▸ The task: All of the data is to be set down again without alteration.

▸ Exercise input:
____________
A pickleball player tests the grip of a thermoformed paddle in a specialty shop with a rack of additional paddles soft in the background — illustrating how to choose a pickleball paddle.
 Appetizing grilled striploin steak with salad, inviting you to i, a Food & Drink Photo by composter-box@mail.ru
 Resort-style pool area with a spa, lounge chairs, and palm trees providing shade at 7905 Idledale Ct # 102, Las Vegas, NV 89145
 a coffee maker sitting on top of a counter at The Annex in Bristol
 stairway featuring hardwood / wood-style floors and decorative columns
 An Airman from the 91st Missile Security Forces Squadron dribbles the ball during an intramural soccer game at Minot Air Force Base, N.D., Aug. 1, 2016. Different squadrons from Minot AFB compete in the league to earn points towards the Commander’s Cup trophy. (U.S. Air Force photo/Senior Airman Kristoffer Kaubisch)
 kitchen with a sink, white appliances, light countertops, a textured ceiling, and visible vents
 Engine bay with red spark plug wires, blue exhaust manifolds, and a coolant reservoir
____________
▸ Answer:
A pickleball player tests the grip of a thermoformed paddle in a specialty shop with a rack of additional paddles soft in the background — illustrating how to choose a pickleball paddle.
 Appetizing grilled striploin steak with salad, inviting you to i, a Food & Drink Photo by composter-box@mail.ru
 Resort-style pool area with a spa, lounge chairs, and palm trees providing shade at 7905 Idledale Ct # 102, Las Vegas, NV 89145
 a coffee maker sitting on top of a counter at The Annex in Bristol
 stairway featuring hardwood / wood-style floors and decorative columns
 An Airman from the 91st Missile Security Forces Squadron dribbles the ball during an intramural soccer game at Minot Air Force Base, N.D., Aug. 1, 2016. Different squadrons from Minot AFB compete in the league to earn points towards the Commander’s Cup trophy. (U.S. Air Force photo/Senior Airman Kristoffer Kaubisch)
 kitchen with a sink, white appliances, light countertops, a textured ceiling, and visible vents
 Engine bay with red spark plug wires, blue exhaust manifolds, and a coolant reservoir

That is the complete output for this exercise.